Bob Mulvihill is one of very few licensed hummingbird banders in Pennsylvania, and these banders work collaboratively to track the occurrence and movement of western hummingbird species.  When an unusual hummingbird shows up nearby, Bob follows up on the report and attempts to locate, delicately catch, band, and release the bird. His observations are shared with a network of other researchers.

Between 2011 and 2014, Mulvihill caught more than twenty Rufous Hummingbirds between October 16 and December 19, including five in the Pittsburgh area, depicted on the map.  Incredibly, one proved to be a hummingbird banded the winter before in Louisiana by bander Nancy Newfield!

Be a Hummingbird Helper!

While many people take their hummingbird feeders down in early fall, keeping them up a few months longer may attract migrating hummingbirds and provide an important source of nourishment for them as they move south.

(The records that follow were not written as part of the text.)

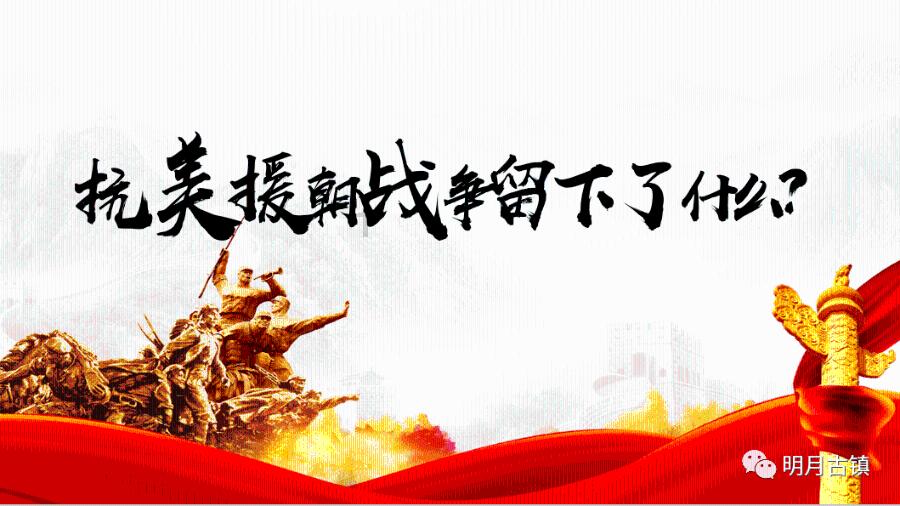 这条牧羊犬放了一辈子羊,老了放不动了,只能带带小羊羔了!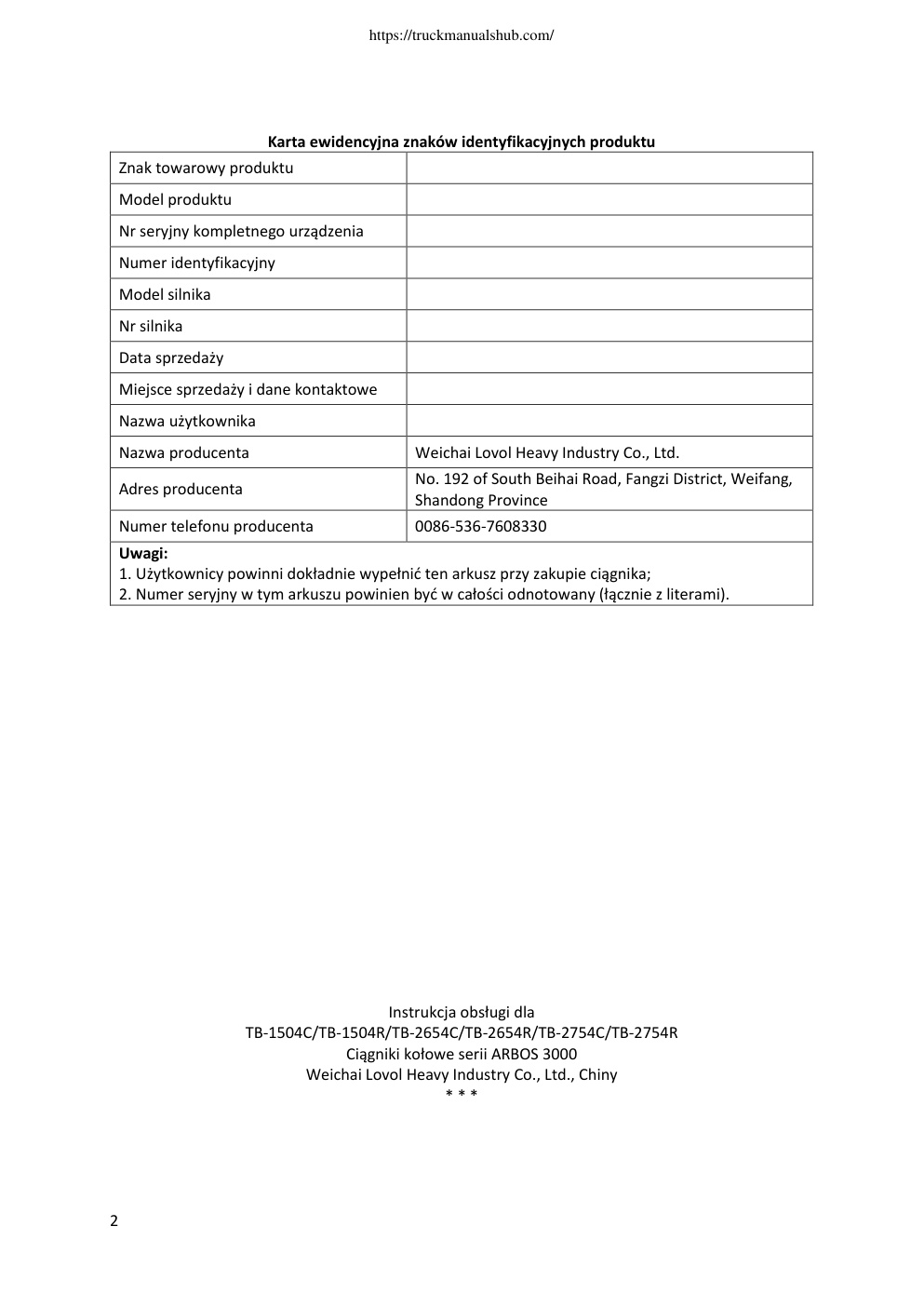 Aperçu de la page 2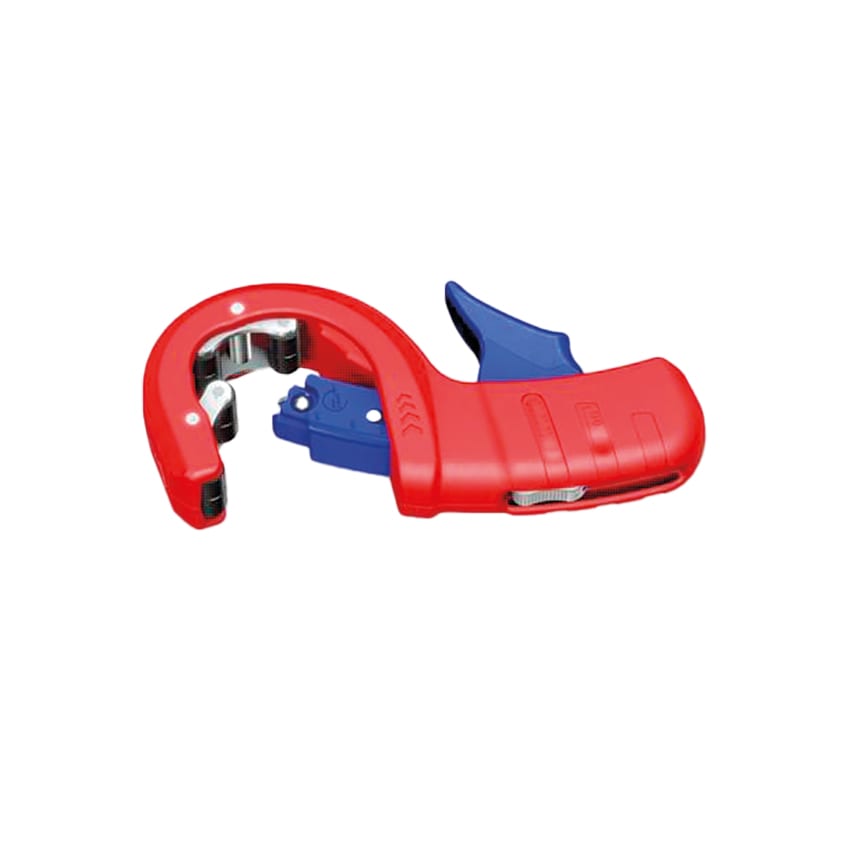 FERRARI FER3.140 TAGLIATUBI DP50 PER TUBI IN PLASTICA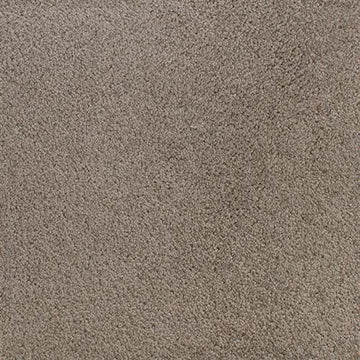 Almond Mist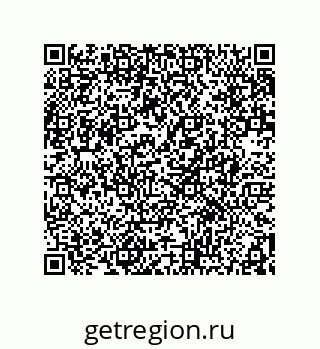 78362304164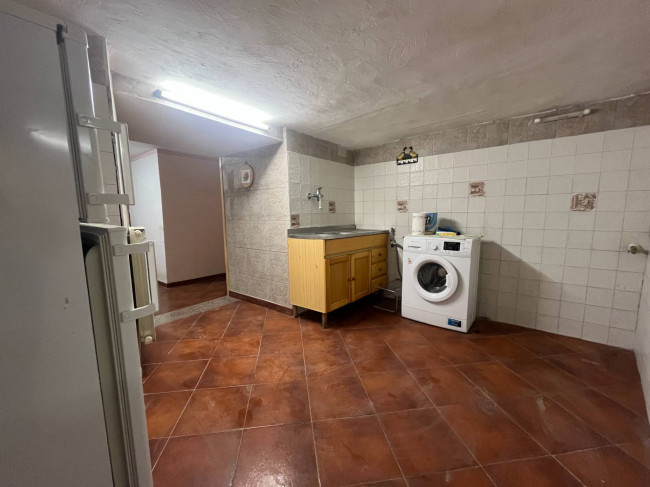 Appartamento in vendita a Soriano nel Cimino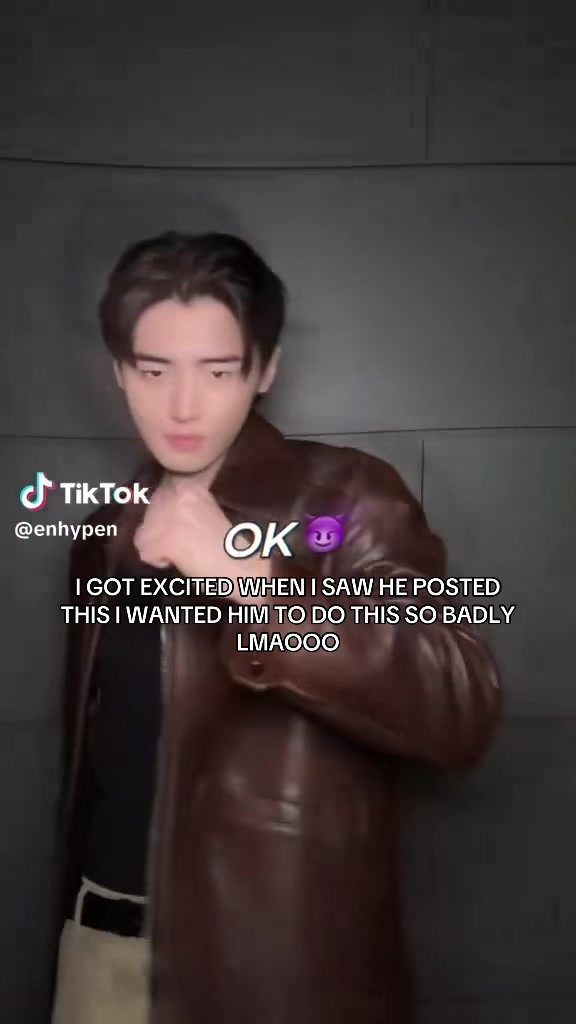 @ann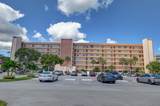 14527 Bonaire Boulevard - Photo 4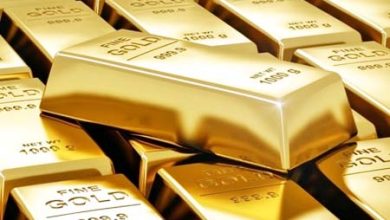 Photo of Gold Price Today : सोने के दाम में हुई बढ़ोतरी, जानें लेटेस्ट रेट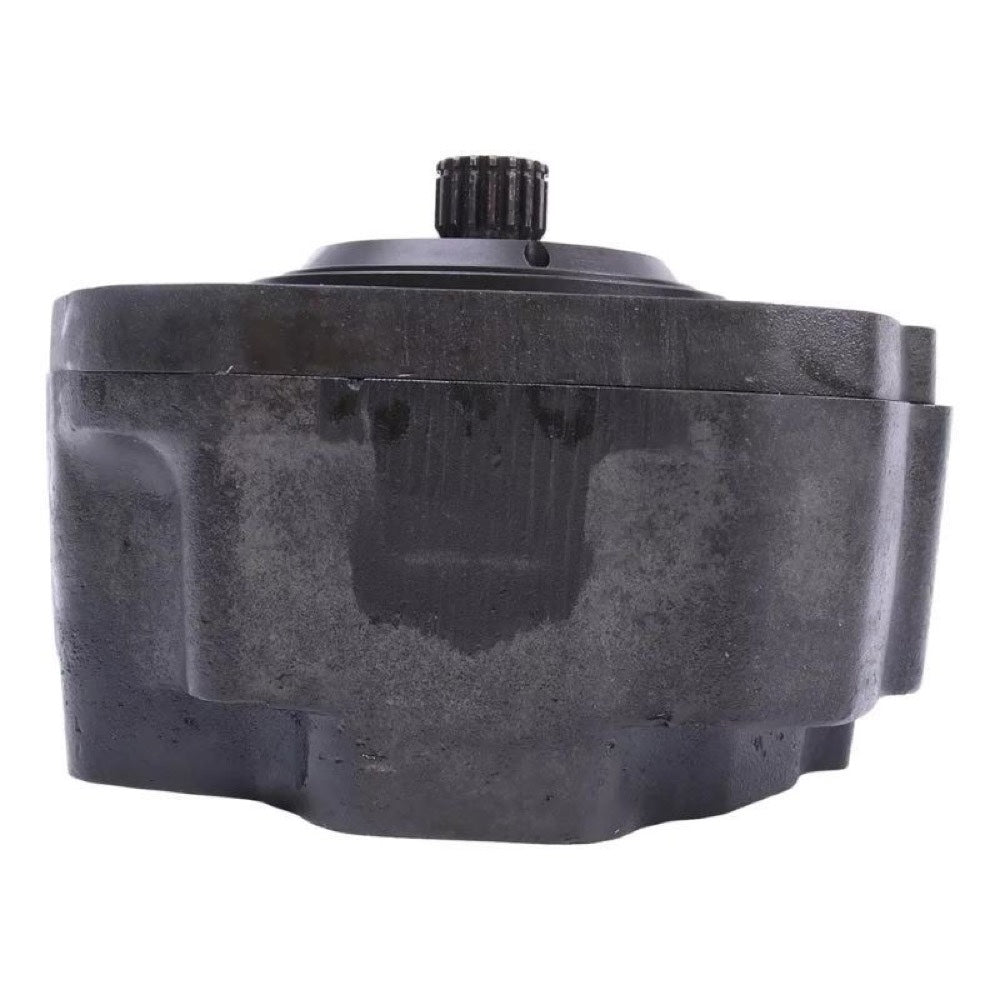 Hydraulic Pump 7-126-350GT for use with Genie Telehandler GTH-636 GTH-644 GTH-842 GTH-844 SS-644C SS-842C TH636C TH644C TH842C TH844C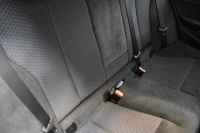 BMW 3シリーズ 320dﾂｰﾘﾝｸﾞ Mｽﾎﾟｰﾂ 追従ACC 車線逸脱&歩行者警告 衝突軽減ﾌﾞﾚｰｷ ｱﾙｶﾝﾀｰﾗ電動ｽﾎﾟｰﾂｼｰﾄ 18AW ﾀｯﾁﾊﾟｯﾄﾞ式iﾄﾞﾗｲﾌﾞHDDﾅﾋﾞ Bｶﾒﾗ ﾘｱPDC 電動Rｹﾞｰﾄ 2年保証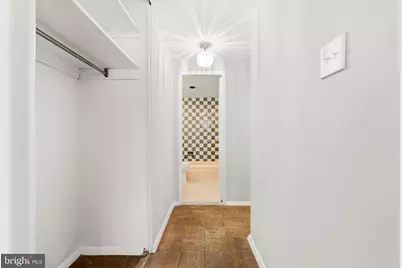 410 O Street SW #106, Washington, DC 20024 - Photo 22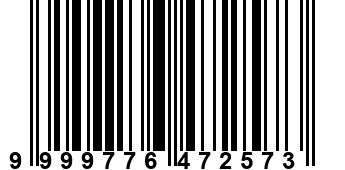 9999776472573
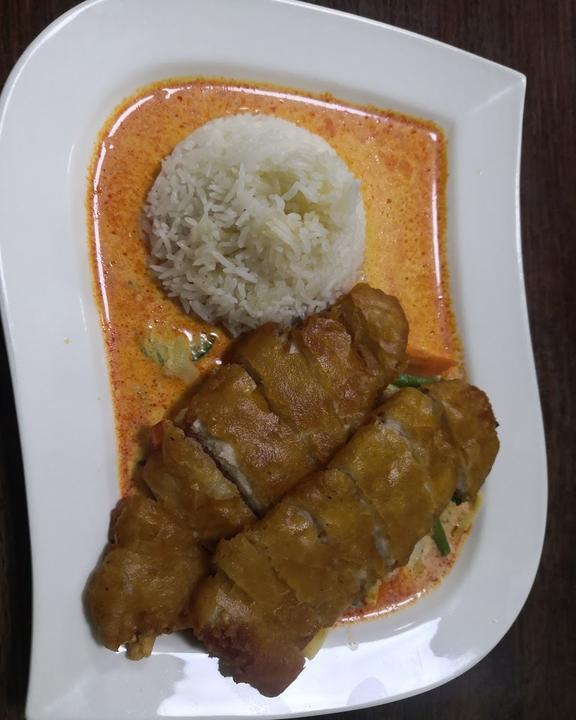 Pho Viet Nam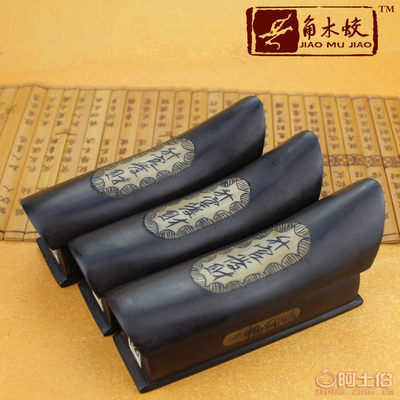 角木蛟193廠家批發(fā) 牛骨手工擺件與升官老梨木小棺材，古玩店旅游市場(chǎng)的暢銷選擇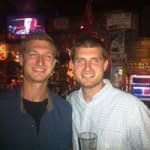 Darren Kettler - @darrenkettler - Instagram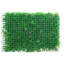 60 cm W Lawn Edging Fencing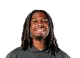 Josh Manning headshot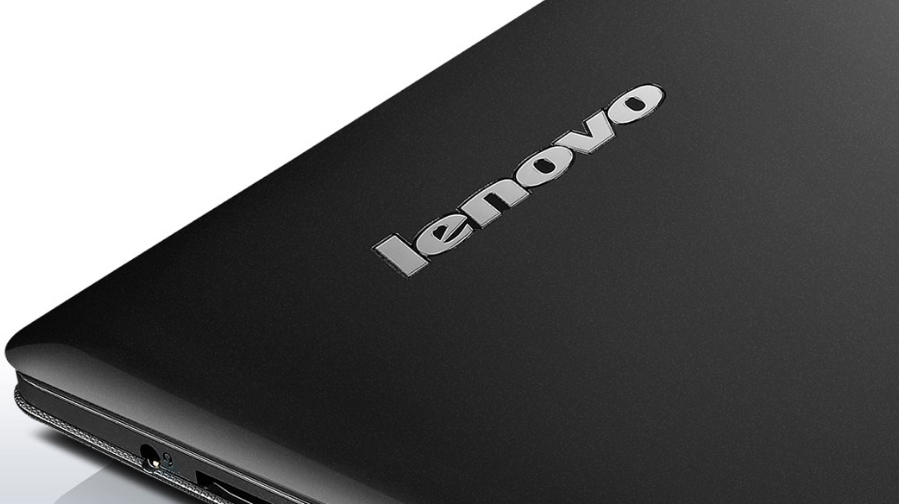 Lenovo 300 15 – image 7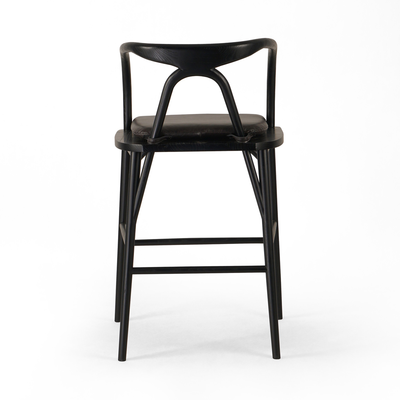 #color_sonoma-black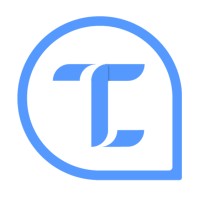 TechLabWork logo - Similar company to Bookmyhelp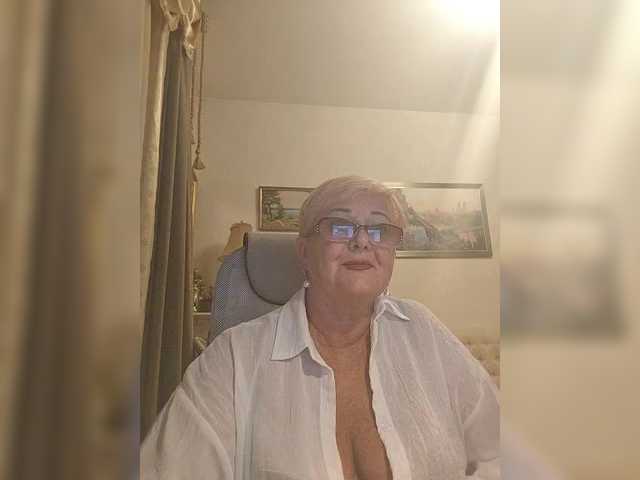 karinkasweet online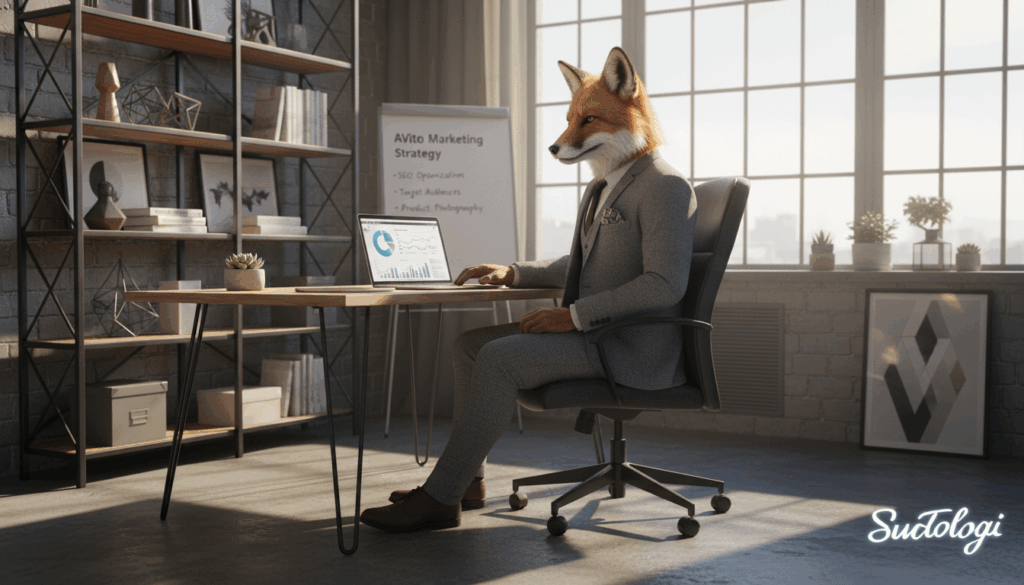    Промо-инструменты_в_полки_лофт_металлические_подбор_ключевых_слов Суетолог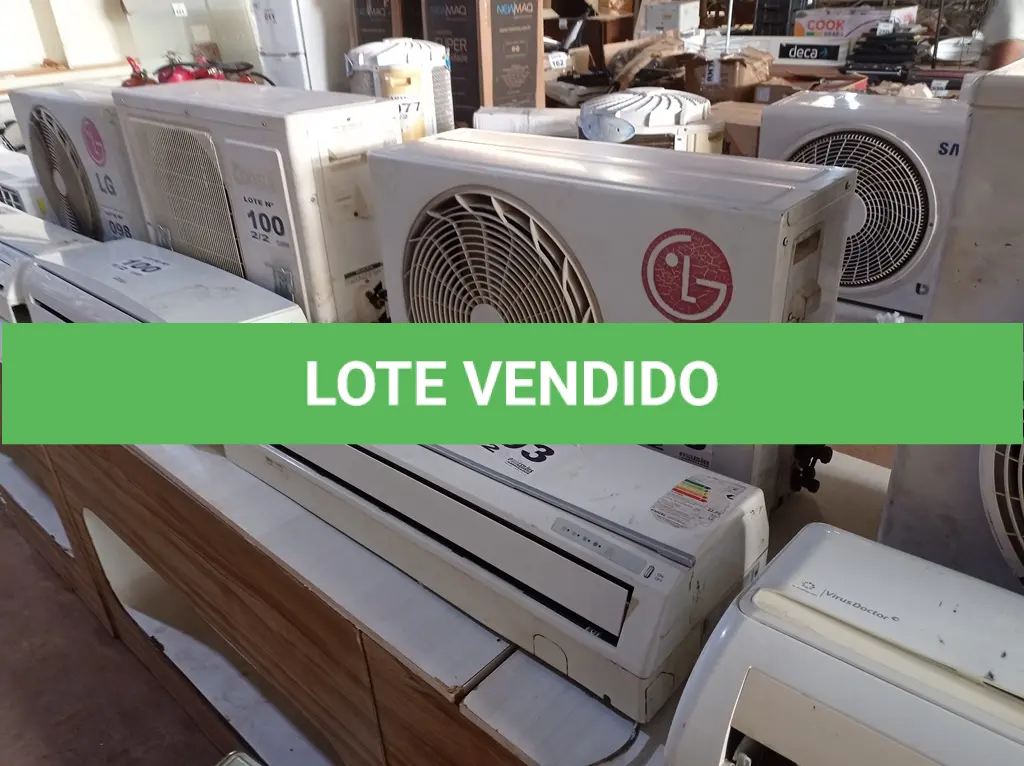 LOTE 093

An ideal mix for hummingbirds is sugar water (four parts water, one part plain granulated sugar). To prevent freezing, bring your feeder inside at night and return it in the morning.

Importantly, if you do attract a late hummingbird, or if you hear about a friend who has been seeing a hummingbird after October 10, then contact National Aviary Ornithologist Bob Mulvihill as soon as possible by emailing Robert.Mulvihill@aviary.org or calling  412-258-1148 (office) or 412-522-5729 (cell).

 

 

 

 

Hummingbird History

In the late 1970s, a legendary hummingbird bander by the name of Nancy Newfield began reporting unexpected winter occurrences of several western species of hummingbirds at gardens and feeders near her home in Metairie, Louisiana.  Beginning in 1990, when National Aviary Ornithologist, Bob Mulvihill, was working for the renowned bird-banding program at Powdermill Nature Reserve near Ligonier, he caught and banded Pennsylvania’s first-ever Rufous Hummingbird.

Ornithologists began to suspect that some of these western hummingbirds must regularly pass through Pennsylvania and other eastern states in the late fall on their way to the Gulf Coast–in 1993 the Hummer Bird Study Group, a consortium of hummingbird banders, was created by the late Bob Sargent and his wife, Martha, of Clay, Alabama.